Bob Humphrey Ogwang v Jas Progressive Investments (HCT-00-CC-CS 747 of 2004) [2007] UGCommC 30 (4 April 2007)


Last Updated: 12 July 2007


Bob Humphrey Ogwang V Jas Progressive Investments -HCT-00-CC-CS-0747-2004 [2007] UGCommC 28 (5 April 2007)

THE REPUBLIC OF UGANDA

IN THE HIGH COURT OF UGANDA AT KAMPALA
(COMMERCIAL COURT DIVISION)

HCT-00-CC-CS-0747-2004

Bob Humphrey Ogwang Plaintiff
Versus
Jas Progressive Investments Defendant

5 April 2007

BEFORE: THE HONOURABLE MR. JUSTICE YOROKAMU BAMWINE

J U D G M E N T:

The plaintiff’s claim against the defendant is for breach of contract, fraudulent misrepresentation, special and general damages, interest and costs of the suit.

From the records, by a sale agreement dated 25/6/2003, the defendant sold to the plaintiff a parcel of land for Shs.15,000,000-. The said agreement is on record as P. Exh. 1. By the same sale agreement, the defendant undertook to sign transfer forms to enable the plaintiff transfer it from the defendant’s names and covenanted that the buyer would enjoy quiet possession of the suit property. The defendant further covenanted to indemnify the plaintiff for any loss that the plaintiff would incur as a result of any defect in title or claim from third parties including a refund of the purchase price, interest at commercial rate and all incidental costs arising from such loss. In or about June 2004, the plaintiff was evicted from the suit land under the instructions of a mortgagee, Tropical Africa Bank, after the defendant had defaulted on his mortgage obligations.

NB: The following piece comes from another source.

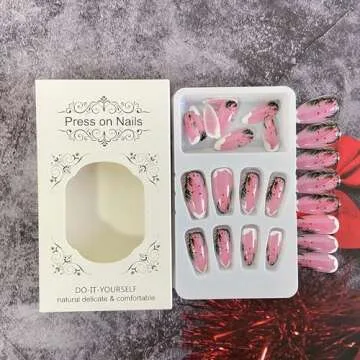 Christmas Press on Nails Almond Medium Fake Nails Winter False Nails With Snow Xmas Designs Pink Clear Full Cover Stick on Nails Acrylic New Year Artificial Nails for Women Girls 24Pcs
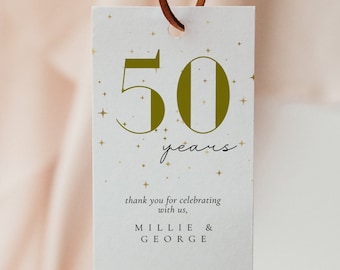50th Anniversary Favor Tag - 50th Wedding Anniversary Favor Tag, 50th Anniversary Decorations, Golden, Editable Instant Download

It is the plaintiff’s case that he was induced to enter into a contract by the fraudulent misrepresentation of the defendant. He holds the defendant responsible for the breach of the contract. In its written statement of defence, the defendant denies existence of the contract. In the alternative, it claims that it (the defendant) deposited its land title known as Kyadondo Block 232 Plot 1496 with the Land agents known as Property Masters for purposes of sub-dividing and sale thereof; that the defendant did not give title for Kyadondo Block 232 Plot 1497 to the said agents as the same was mortgaged with the bank. The defendant therefore denies sale of Plot 1497 or any part thereof to the plaintiff.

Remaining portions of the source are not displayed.